▶ **Work task**: Identify all lines in the data containing the string "Used". Copy them out.

++++ Supplied data

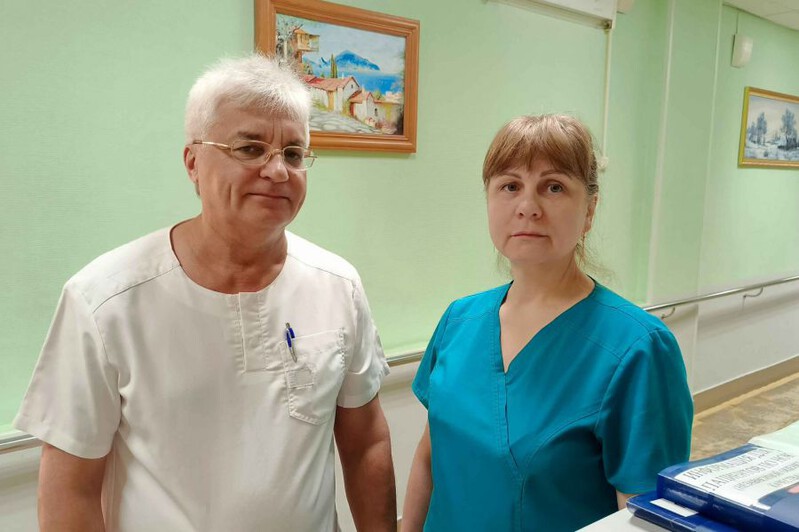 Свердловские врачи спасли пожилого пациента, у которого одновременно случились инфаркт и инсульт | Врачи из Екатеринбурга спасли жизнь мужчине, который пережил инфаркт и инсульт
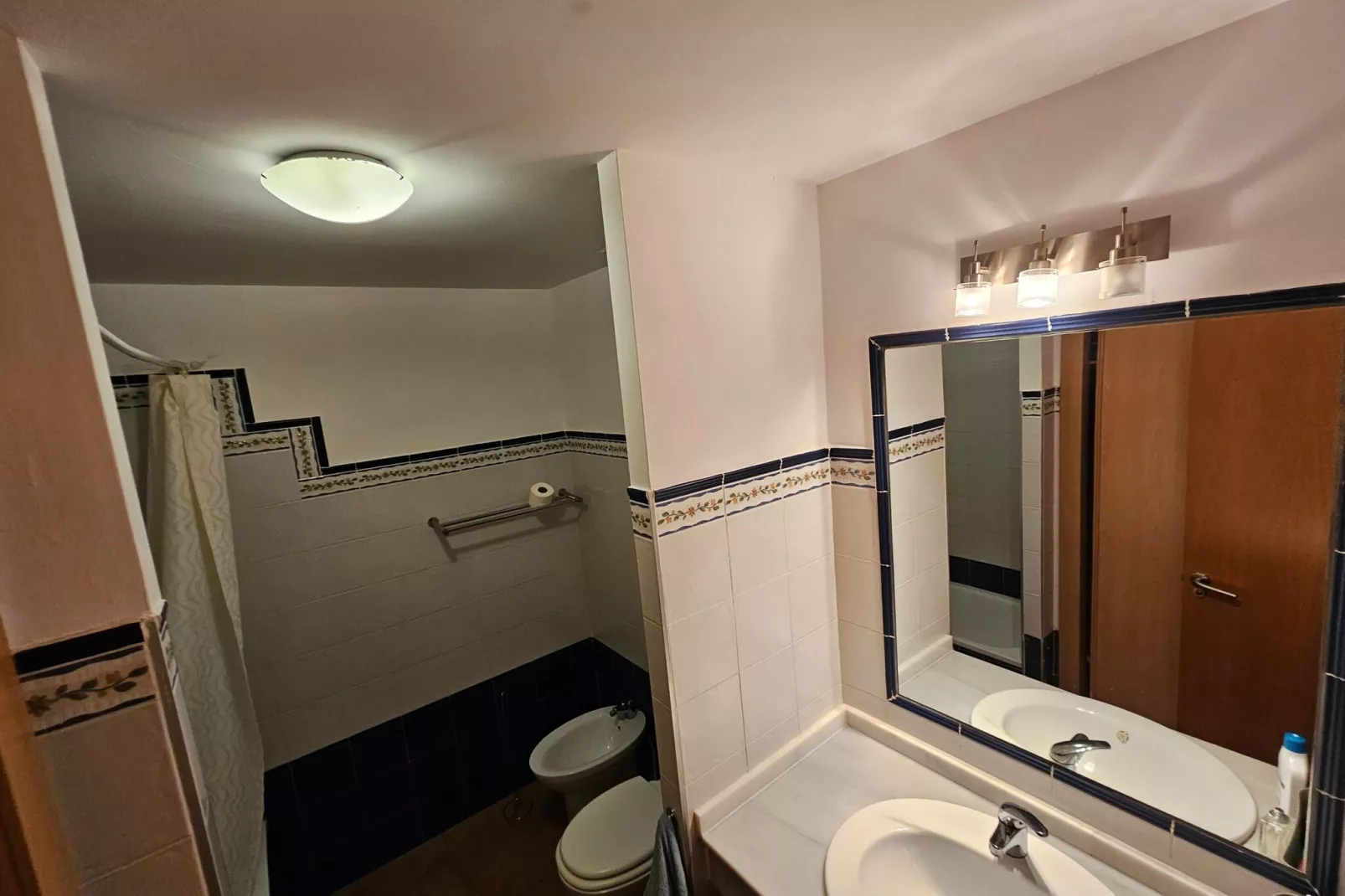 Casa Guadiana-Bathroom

++++++++
++++ Supplied data

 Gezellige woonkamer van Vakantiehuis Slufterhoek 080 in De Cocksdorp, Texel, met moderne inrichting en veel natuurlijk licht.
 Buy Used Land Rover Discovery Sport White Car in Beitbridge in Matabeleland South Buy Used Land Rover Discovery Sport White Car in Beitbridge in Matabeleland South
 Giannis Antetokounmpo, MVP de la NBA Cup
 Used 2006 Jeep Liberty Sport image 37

++++++++

▶ **Reply**:
 Buy Used Land Rover Discovery Sport White Car in Beitbridge in Matabeleland South Buy Used Land Rover Discovery Sport White Car in Beitbridge in Matabeleland South
 Used 2006 Jeep Liberty Sport image 37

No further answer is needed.